Cool, shaded, wet and damp, the Mountain Lake Bog Preserve is steeped in botanical history. Located at the outlet to Mountain Lake, the bog is a densely vegetated peat wetland formed along the banks of Mountain Lake Brook. One of the best examples of a black spruce and tamarack plant community grows among the sphagnum moss. Swamp white oak, black gum and red and silver maple can also grow in the deep wet soils. A unique glacially formed wetland, Mountain Lake Bog has attracted naturalists and leading botanists as early as the 1800s to look for rare plants more often found in northern states. Nathaniel Lord Britton, founder of the New York Botanical Garden and author of the Illustrated Flora of the Northeast, did extensive surveys here in 1880s. Mostly unchanged, naturalists still explore the bog in hopes of discovering any number of rare and beautiful plants including leathery grape fern and bog willow. Beaver dams create small impoundments where mallards and wood ducks feed and rest during fall migrations.
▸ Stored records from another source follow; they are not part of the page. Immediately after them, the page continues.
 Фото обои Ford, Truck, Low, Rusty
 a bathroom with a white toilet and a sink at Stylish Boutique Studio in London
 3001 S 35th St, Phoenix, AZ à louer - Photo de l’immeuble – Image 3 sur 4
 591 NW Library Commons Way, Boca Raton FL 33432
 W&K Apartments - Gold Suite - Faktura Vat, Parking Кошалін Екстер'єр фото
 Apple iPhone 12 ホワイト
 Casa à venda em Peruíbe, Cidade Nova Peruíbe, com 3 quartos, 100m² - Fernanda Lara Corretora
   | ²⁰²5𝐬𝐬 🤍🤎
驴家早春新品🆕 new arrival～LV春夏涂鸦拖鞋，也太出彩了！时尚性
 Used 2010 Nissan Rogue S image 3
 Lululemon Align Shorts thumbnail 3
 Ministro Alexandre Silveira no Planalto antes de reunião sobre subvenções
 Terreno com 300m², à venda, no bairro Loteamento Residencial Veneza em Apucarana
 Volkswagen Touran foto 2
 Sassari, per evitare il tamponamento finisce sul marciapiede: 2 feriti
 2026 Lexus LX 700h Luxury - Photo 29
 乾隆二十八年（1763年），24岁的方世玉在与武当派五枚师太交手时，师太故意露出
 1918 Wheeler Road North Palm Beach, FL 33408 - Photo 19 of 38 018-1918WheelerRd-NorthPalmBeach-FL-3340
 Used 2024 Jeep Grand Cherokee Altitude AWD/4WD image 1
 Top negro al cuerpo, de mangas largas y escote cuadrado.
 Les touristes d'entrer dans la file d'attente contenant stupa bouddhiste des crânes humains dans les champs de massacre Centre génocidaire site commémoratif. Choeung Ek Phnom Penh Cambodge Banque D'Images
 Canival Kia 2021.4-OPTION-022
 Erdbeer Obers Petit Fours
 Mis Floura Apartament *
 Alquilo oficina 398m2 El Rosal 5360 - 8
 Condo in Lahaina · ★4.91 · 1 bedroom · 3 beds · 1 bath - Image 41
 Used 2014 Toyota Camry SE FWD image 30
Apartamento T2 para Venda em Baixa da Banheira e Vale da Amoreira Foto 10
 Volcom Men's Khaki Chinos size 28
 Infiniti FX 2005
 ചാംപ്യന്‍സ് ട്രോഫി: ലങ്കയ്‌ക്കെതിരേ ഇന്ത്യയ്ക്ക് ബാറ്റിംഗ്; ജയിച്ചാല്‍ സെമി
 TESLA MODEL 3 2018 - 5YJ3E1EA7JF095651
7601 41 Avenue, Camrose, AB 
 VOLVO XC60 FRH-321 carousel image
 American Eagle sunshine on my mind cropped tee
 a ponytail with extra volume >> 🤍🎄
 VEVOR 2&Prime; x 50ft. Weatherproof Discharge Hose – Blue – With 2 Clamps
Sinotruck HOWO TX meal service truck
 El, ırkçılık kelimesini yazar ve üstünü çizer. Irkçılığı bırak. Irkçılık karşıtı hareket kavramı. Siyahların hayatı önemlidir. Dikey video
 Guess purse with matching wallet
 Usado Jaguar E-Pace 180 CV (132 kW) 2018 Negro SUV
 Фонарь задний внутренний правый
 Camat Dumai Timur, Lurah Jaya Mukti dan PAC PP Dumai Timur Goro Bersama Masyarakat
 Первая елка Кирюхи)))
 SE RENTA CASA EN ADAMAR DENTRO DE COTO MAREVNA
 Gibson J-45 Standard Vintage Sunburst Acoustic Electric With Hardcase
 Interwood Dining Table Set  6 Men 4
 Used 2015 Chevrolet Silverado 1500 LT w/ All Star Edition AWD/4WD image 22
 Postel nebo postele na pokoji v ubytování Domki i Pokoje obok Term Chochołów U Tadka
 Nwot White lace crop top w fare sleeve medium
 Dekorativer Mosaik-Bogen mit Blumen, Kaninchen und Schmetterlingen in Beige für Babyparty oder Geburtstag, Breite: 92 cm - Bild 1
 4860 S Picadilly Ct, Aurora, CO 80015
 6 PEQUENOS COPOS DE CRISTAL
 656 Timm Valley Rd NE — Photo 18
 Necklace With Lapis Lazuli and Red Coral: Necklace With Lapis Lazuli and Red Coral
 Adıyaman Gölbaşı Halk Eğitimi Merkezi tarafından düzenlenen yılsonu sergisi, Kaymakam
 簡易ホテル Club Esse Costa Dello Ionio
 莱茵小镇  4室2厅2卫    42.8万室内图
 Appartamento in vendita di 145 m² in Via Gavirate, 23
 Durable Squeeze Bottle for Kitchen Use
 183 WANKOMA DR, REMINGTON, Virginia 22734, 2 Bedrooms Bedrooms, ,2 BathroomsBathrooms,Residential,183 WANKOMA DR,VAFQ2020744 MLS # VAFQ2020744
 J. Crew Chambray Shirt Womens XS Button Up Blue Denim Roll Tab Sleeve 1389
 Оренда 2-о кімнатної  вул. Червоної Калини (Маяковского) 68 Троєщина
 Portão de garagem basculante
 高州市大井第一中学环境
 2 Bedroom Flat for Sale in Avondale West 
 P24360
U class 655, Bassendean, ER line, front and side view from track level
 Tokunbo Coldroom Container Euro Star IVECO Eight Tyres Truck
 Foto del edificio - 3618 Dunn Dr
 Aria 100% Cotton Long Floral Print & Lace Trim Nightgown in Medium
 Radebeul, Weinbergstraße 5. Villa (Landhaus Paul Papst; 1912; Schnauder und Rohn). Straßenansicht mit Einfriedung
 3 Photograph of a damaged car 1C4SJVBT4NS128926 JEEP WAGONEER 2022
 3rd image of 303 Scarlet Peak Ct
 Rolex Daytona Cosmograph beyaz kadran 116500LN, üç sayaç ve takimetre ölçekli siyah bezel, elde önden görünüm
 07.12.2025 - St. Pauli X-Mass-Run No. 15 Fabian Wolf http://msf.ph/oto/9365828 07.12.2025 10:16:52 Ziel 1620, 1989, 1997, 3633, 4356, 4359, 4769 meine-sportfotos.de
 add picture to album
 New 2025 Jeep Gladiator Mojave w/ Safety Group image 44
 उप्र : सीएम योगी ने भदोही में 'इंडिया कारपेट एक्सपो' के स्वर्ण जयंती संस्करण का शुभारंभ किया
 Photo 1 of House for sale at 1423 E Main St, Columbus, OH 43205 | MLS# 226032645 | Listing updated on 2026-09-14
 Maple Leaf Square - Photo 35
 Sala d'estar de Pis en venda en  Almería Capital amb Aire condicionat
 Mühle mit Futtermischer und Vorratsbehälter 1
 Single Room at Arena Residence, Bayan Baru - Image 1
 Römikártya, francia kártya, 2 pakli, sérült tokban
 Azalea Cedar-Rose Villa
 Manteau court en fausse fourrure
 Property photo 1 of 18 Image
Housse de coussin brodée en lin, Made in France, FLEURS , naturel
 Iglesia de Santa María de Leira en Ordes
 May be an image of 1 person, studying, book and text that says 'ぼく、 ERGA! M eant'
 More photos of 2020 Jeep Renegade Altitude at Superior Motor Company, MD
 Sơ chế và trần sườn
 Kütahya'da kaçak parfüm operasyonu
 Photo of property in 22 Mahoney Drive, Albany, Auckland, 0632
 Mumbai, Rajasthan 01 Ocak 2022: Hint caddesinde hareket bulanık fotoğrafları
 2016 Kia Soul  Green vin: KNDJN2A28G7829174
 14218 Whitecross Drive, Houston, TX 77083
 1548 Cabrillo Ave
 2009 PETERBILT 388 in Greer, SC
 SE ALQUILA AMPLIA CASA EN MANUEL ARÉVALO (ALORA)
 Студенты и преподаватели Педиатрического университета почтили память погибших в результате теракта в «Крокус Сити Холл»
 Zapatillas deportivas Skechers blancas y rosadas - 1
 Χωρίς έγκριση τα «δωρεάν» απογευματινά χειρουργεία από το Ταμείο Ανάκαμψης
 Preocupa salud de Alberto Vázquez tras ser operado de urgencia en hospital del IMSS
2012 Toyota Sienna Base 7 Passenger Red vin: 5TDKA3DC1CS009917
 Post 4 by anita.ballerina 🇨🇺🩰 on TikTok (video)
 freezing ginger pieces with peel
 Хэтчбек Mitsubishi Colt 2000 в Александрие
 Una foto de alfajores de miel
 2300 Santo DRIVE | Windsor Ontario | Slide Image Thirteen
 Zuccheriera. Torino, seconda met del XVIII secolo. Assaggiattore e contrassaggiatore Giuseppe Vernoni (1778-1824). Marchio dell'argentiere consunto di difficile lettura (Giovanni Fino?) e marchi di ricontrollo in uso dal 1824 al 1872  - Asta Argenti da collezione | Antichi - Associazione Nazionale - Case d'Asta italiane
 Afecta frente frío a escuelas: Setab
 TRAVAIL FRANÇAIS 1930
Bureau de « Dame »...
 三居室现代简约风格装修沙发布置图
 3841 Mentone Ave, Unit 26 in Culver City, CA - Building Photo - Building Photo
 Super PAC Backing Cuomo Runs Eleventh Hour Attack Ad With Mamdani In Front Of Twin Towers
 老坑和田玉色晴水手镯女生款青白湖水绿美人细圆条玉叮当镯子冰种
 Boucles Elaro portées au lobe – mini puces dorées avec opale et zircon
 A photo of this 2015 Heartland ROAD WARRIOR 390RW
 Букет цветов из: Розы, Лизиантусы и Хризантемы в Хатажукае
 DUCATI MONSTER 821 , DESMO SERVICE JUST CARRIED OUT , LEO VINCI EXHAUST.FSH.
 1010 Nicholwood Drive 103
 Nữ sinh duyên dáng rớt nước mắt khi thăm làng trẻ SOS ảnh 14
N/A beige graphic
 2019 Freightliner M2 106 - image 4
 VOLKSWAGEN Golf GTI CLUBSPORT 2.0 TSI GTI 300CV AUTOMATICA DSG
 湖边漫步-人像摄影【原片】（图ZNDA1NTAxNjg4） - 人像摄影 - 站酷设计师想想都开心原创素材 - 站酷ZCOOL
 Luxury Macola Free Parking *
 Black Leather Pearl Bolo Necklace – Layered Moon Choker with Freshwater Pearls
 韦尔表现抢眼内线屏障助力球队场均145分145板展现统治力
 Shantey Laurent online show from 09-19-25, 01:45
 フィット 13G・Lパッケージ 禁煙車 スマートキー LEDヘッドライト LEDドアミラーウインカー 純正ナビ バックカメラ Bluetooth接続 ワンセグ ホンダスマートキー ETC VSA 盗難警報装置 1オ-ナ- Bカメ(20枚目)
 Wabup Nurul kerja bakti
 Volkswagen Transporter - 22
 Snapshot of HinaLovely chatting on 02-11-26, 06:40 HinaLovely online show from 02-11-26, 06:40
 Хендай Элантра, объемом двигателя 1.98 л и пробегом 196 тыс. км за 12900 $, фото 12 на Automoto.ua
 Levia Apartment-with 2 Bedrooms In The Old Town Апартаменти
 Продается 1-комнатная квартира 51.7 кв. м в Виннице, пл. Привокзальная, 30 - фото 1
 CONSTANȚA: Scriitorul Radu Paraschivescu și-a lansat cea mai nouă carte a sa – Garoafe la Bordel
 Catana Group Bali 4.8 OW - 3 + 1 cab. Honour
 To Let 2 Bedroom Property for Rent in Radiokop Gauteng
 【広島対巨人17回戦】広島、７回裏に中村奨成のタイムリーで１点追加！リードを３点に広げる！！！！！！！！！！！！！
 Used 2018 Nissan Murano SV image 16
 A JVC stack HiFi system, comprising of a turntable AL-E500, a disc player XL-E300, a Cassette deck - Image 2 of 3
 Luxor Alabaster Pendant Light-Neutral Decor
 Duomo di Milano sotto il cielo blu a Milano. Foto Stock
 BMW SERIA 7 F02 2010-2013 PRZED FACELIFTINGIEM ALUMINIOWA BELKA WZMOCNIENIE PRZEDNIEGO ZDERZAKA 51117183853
Recently the Trust, in cooperation with the North Jersey Resource Conservation & Development Council (RC&D) as well as Liberty Township Environmental Commission, completed a successful wetland restoration. Using grant funding from RC&D a two-acre area of mowed grass, old stumps and trash was cleaned up and returned to a more natural habitat condition. Dumpsters were loaded with old stumps and scrap metal, which had filled in areas of bog, resulting in impacts to streamside habitat. Conservation experts designed a stream bank restoration plan using native plant materials intended to create shade and reduce erosion. Students from Warren County New Jersey Youth Corp planted over 100 trees and shrubs including sycamore and red osier dogwood. Native warm season grass was also incorporated into the design to diversify the available habitat.
Due to the wet bog conditions, the preserve offers little usable access for the general public. Parking is limited. However access to hiking trails within Jenny Jump State Forest can be found near the north end of Mountain Lake. The Trust allows registration for deer hunting at this preserve.